*HOW TO COMPLETE THIS TASK*: Every entry below should be returned exactly as it appears, with pictures left out.

*MATERIAL SUPPLIED*:
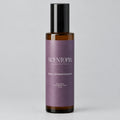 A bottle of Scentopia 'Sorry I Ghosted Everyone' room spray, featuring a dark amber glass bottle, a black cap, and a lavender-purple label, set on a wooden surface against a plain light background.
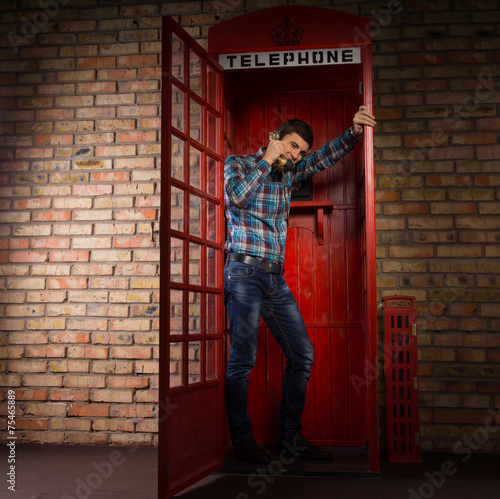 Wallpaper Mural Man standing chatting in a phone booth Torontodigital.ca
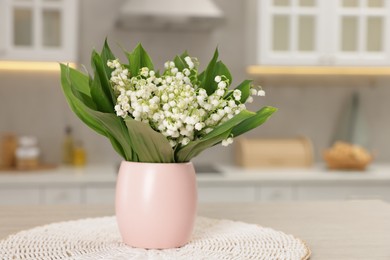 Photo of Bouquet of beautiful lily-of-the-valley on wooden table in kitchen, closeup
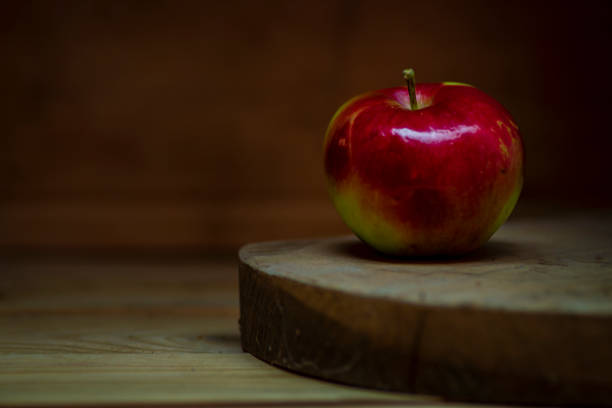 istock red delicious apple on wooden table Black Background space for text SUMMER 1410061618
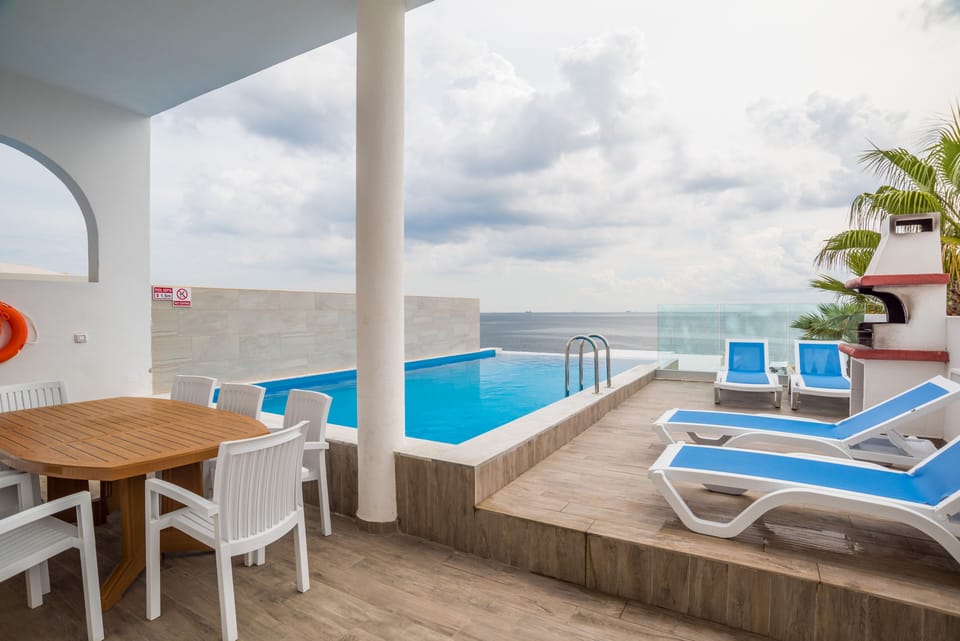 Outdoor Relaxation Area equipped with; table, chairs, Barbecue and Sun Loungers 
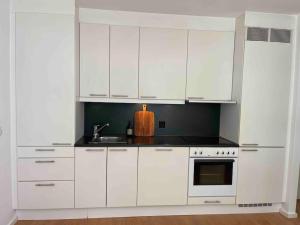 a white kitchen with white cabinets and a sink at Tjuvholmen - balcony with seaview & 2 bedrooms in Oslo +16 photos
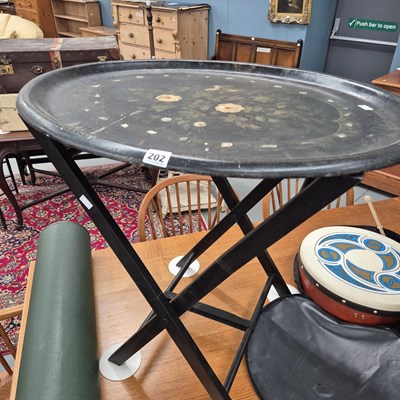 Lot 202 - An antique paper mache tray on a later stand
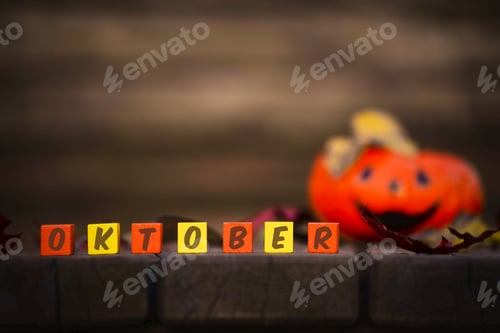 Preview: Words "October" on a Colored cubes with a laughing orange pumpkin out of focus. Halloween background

*TASK RESPONSE*:
 A bottle of Scentopia 'Sorry I Ghosted Everyone' room spray, featuring a dark amber glass bottle, a black cap, and a lavender-purple label, set on a wooden surface against a plain light background.
 Wallpaper Mural Man standing chatting in a phone booth Torontodigital.ca
 Photo of Bouquet of beautiful lily-of-the-valley on wooden table in kitchen, closeup
 istock red delicious apple on wooden table Black Background space for text SUMMER 1410061618
 Outdoor Relaxation Area equipped with; table, chairs, Barbecue and Sun Loungers 
 a white kitchen with white cabinets and a sink at Tjuvholmen - balcony with seaview & 2 bedrooms in Oslo +16 photos
 Lot 202 - An antique paper mache tray on a later stand
 Preview: Words "October" on a Colored cubes with a laughing orange pumpkin out of focus. Halloween background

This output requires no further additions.